**About this exercise:**
Apart from the pictures, every line below is to be set down exactly.

**Record set:**
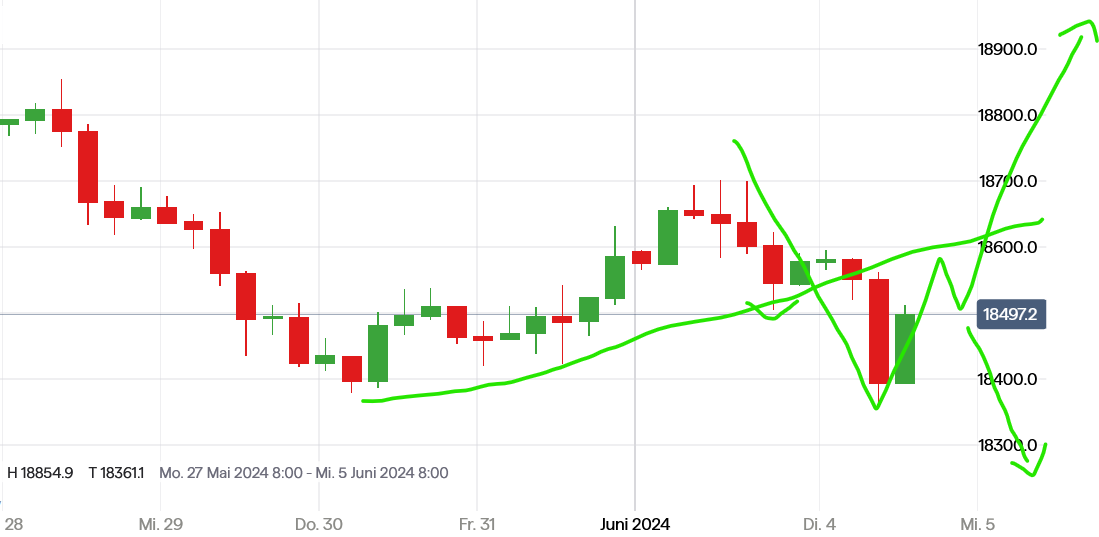 QuoVadisDax - das Original - Nachfolgethread 1432782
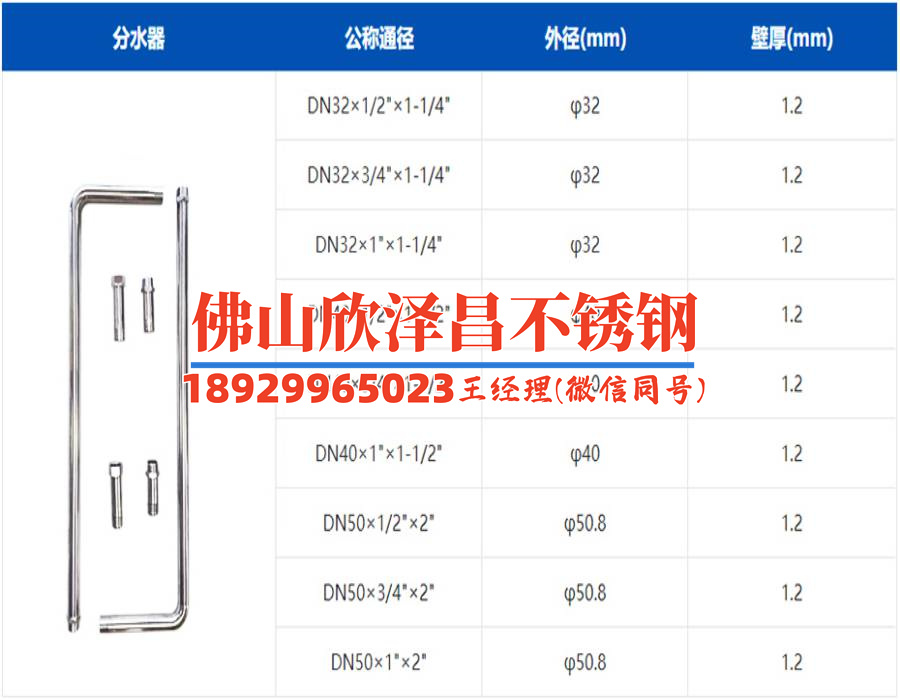 深圳燃气用薄壁不锈钢管(探寻深圳燃气薄壁不锈钢管的革新之路)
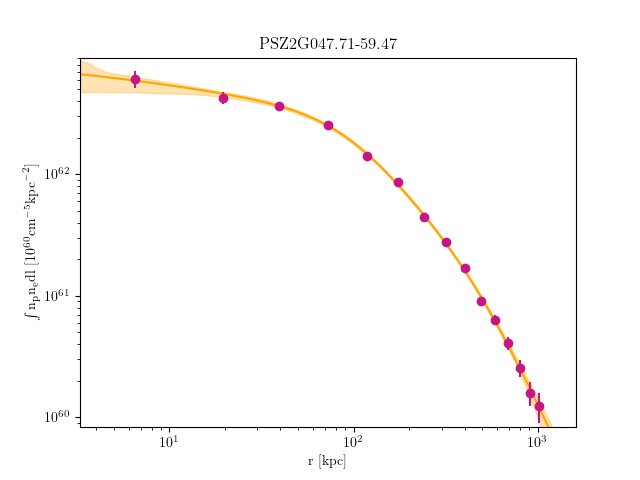 PSZ2G047.71-59.47 emission measure profile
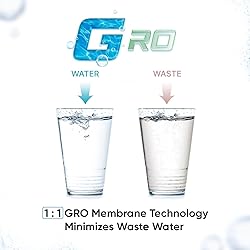 WECO TINY-36 Reverse Osmosis Water Filter System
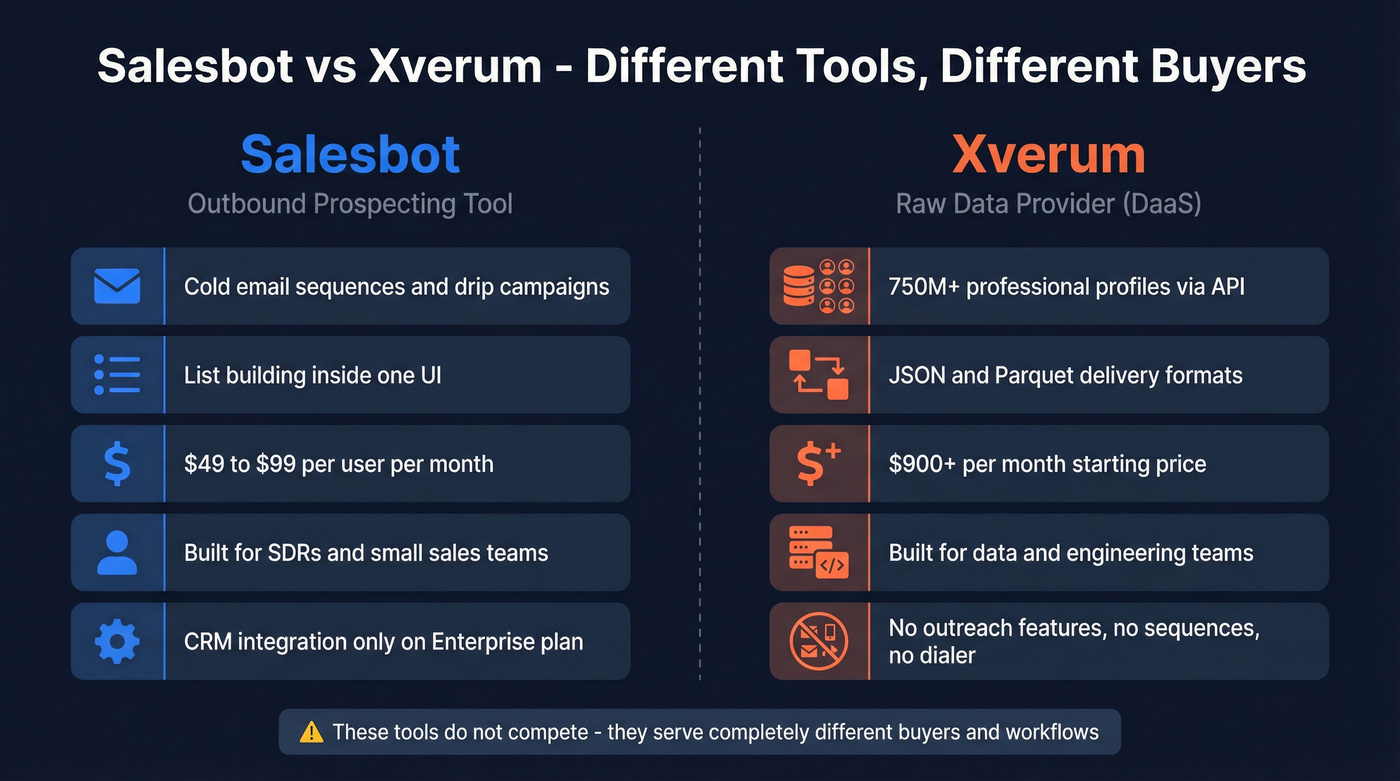Salesbot vs Xverum head-to-head comparison diagram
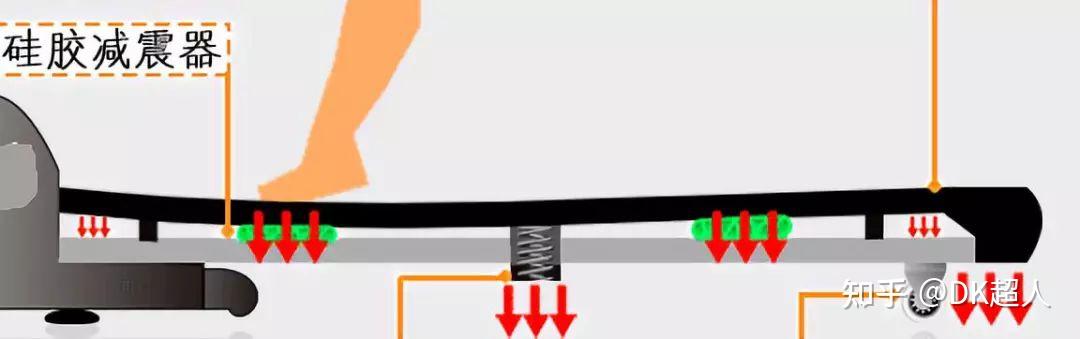 家用跑步機(jī)什么牌子好又實(shí)惠_那個(gè)家用跑步機(jī)品牌好_性價(jià)比家用跑步機(jī)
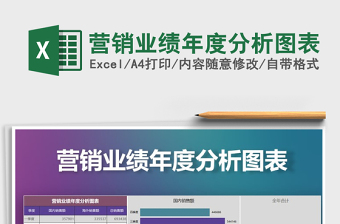 2021年?duì)I銷業(yè)績年度分析圖表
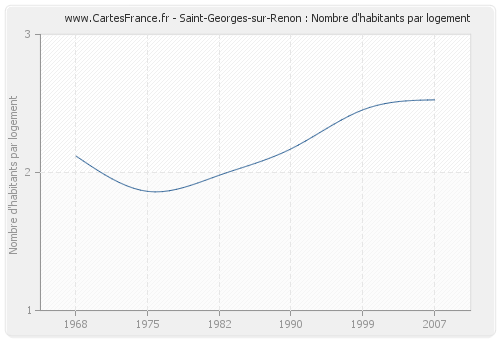 Saint-Georges-sur-Renon : Nombre d'habitants par logement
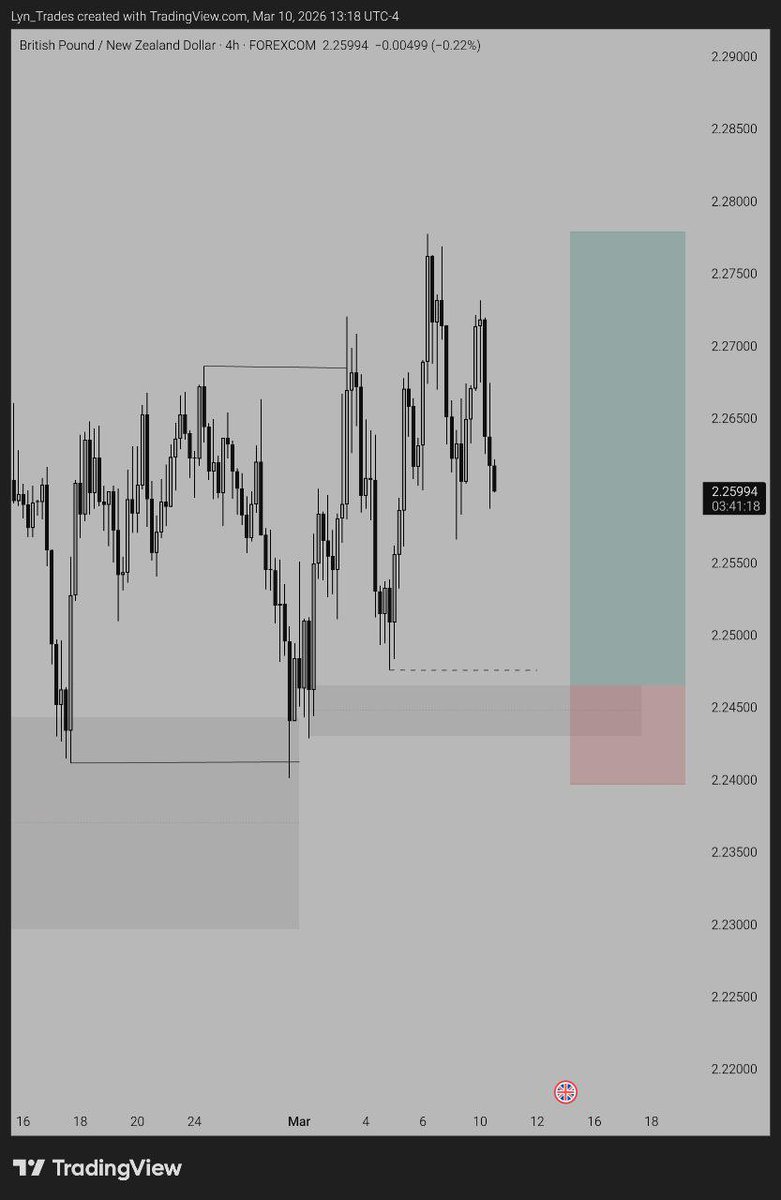 Lyn_Trades tweet media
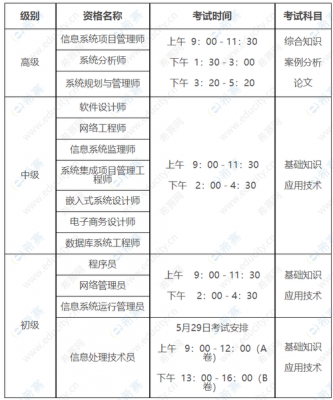 软考报名考试时间（软考报名考试时间2024年上半年）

**Task result:**
 QuoVadisDax - das Original - Nachfolgethread 1432782
 深圳燃气用薄壁不锈钢管(探寻深圳燃气薄壁不锈钢管的革新之路)
 PSZ2G047.71-59.47 emission measure profile
 WECO TINY-36 Reverse Osmosis Water Filter System
Salesbot vs Xverum head-to-head comparison diagram
 家用跑步機(jī)什么牌子好又實(shí)惠_那個(gè)家用跑步機(jī)品牌好_性價(jià)比家用跑步機(jī)
 2021年?duì)I銷業(yè)績年度分析圖表
 Saint-Georges-sur-Renon : Nombre d'habitants par logement
 Lyn_Trades tweet media
 软考报名考试时间（软考报名考试时间2024年上半年）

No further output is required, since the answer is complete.